═══ Given information

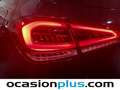 Mercedes-Benz A 180 180d 7G-DCT Schwarz - thumbnail 16
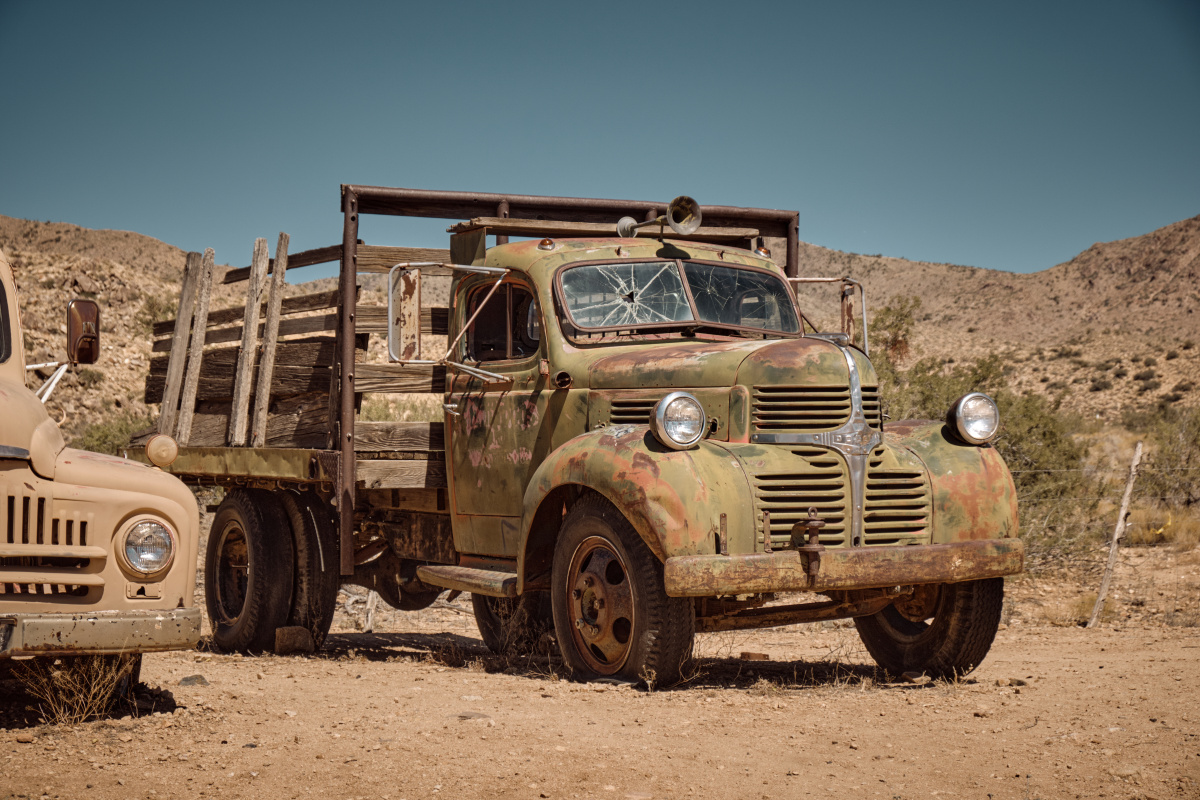 濑户内海-小豆岛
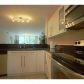 1401 BAY RD # 203, Miami Beach, FL 33139 ID:10898022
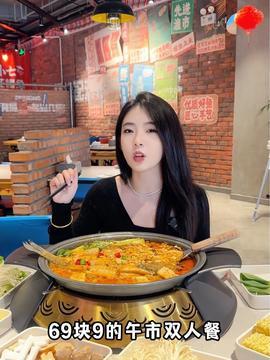 娱乐吃瓜酱广西,揭秘广西娱乐圈的那些事儿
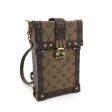 Louis Vuitton Vertical Trunk Cheap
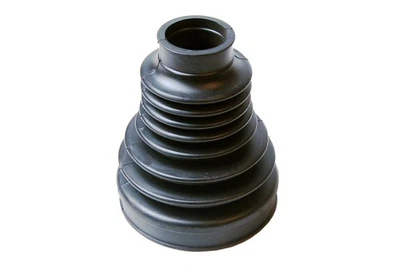 Bota articulada CV Mevotech DX531 para Chevrolet HHR 08-10 Foto 1 de 3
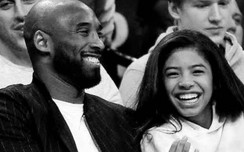 Huyền thoại bóng rổ Kobe Bryant và con gái thiệt mạng trong link w88 máy bay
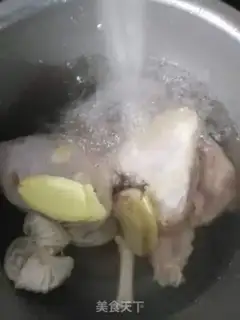 Make Hotpot step 2
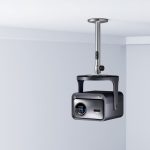 Hisense C3 / C2 Ultra Smart Projector Ceiling Mount Kit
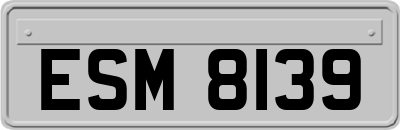 ESM8139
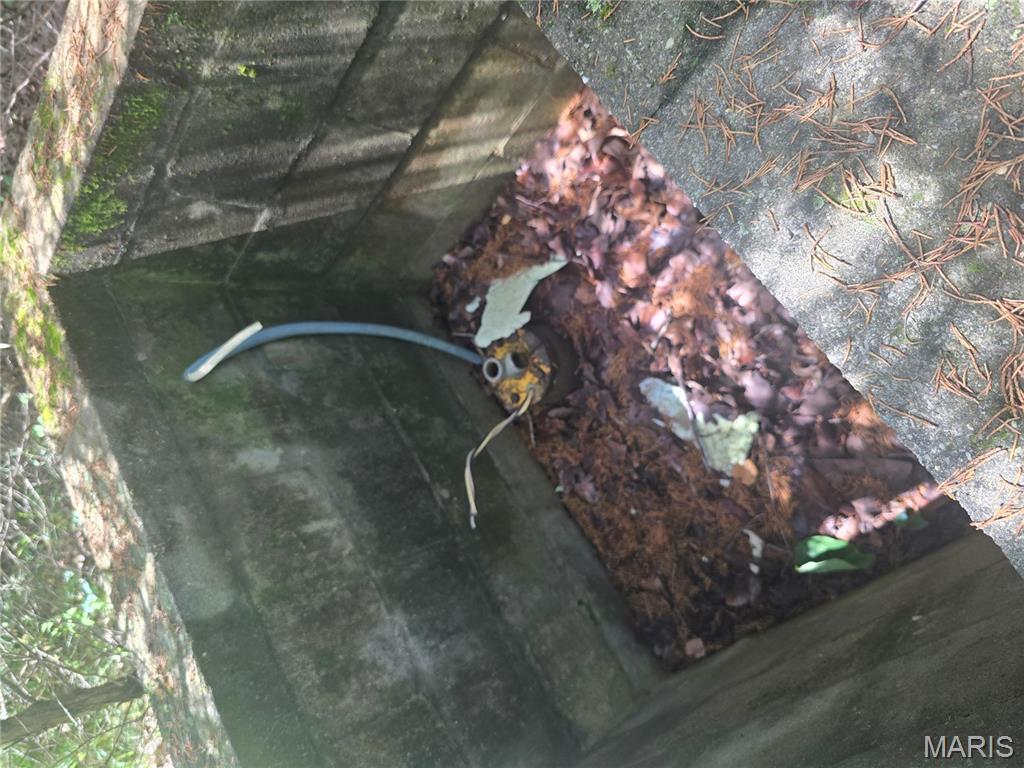 4 Cedar Hollow Road Fletcher, MO 63030 - Photo 16 of 97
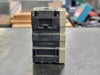 SCHNEIDER ELECTRIC 9-14 Amp, 3 Pole, 690 volts Circuit Breaker GV2ME16 w/ Auxiliary Contact 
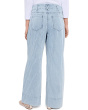 Simone Jeans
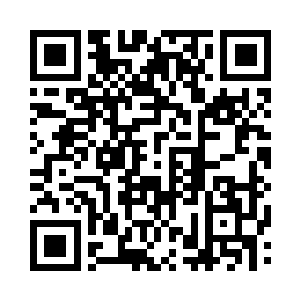 估计就是他从王母娘娘那里弄来的金丹琼浆二维码生成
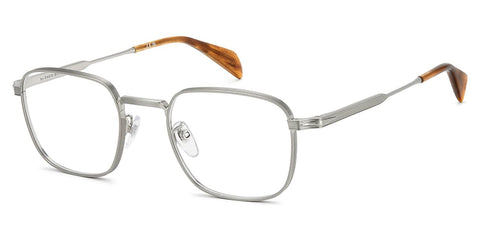 David Beckham DB 1247 9CI Glasses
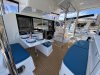 Used multihull MAVERICK 440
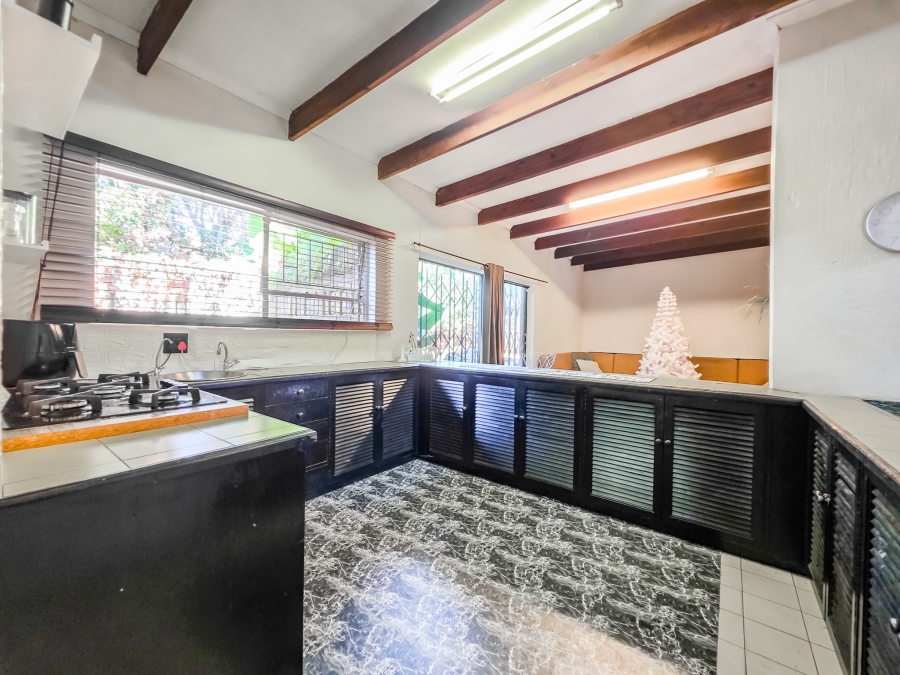 3 Bedroom Property for Sale in Faerie Glen Gauteng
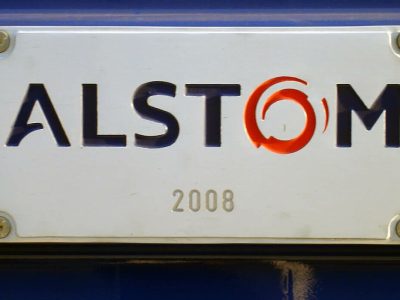 Condamnation pour faits de corruption, fraude et pots-de-vins envers fonctionnaires Lituaniens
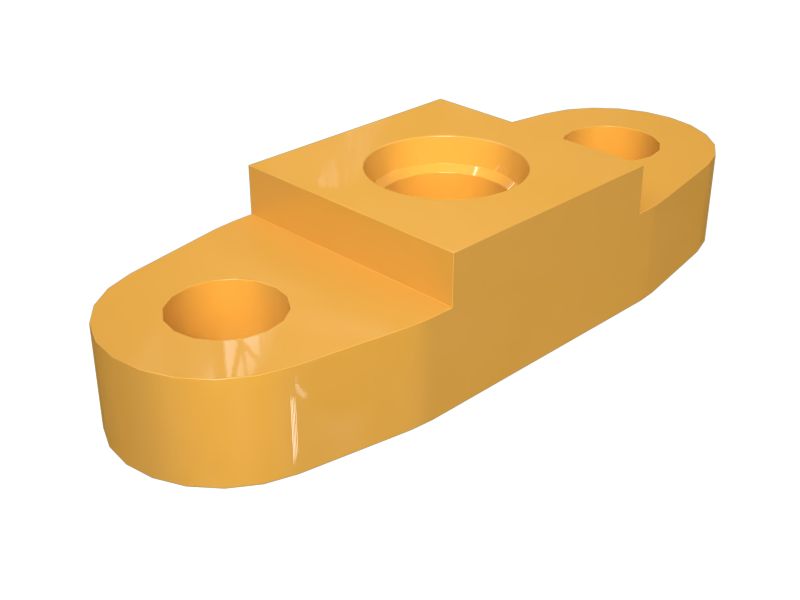 277-7699: ФЛАНЕЦ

══════

▸ **Exercise details**:
From the line containing "Bota articulada CV" down to the last line of the records above, repeat every line exactly and nothing else, dropping any pictures.

▸ **Answer section**:
 Bota articulada CV Mevotech DX531 para Chevrolet HHR 08-10 Foto 1 de 3
 Huyền thoại bóng rổ Kobe Bryant và con gái thiệt mạng trong link w88 máy bay
 Make Hotpot step 2
 Hisense C3 / C2 Ultra Smart Projector Ceiling Mount Kit
 ESM8139
 4 Cedar Hollow Road Fletcher, MO 63030 - Photo 16 of 97
 SCHNEIDER ELECTRIC 9-14 Amp, 3 Pole, 690 volts Circuit Breaker GV2ME16 w/ Auxiliary Contact 
 Simone Jeans
 估计就是他从王母娘娘那里弄来的金丹琼浆二维码生成
 David Beckham DB 1247 9CI Glasses
 Used multihull MAVERICK 440
 3 Bedroom Property for Sale in Faerie Glen Gauteng
 Condamnation pour faits de corruption, fraude et pots-de-vins envers fonctionnaires Lituaniens
 277-7699: ФЛАНЕЦ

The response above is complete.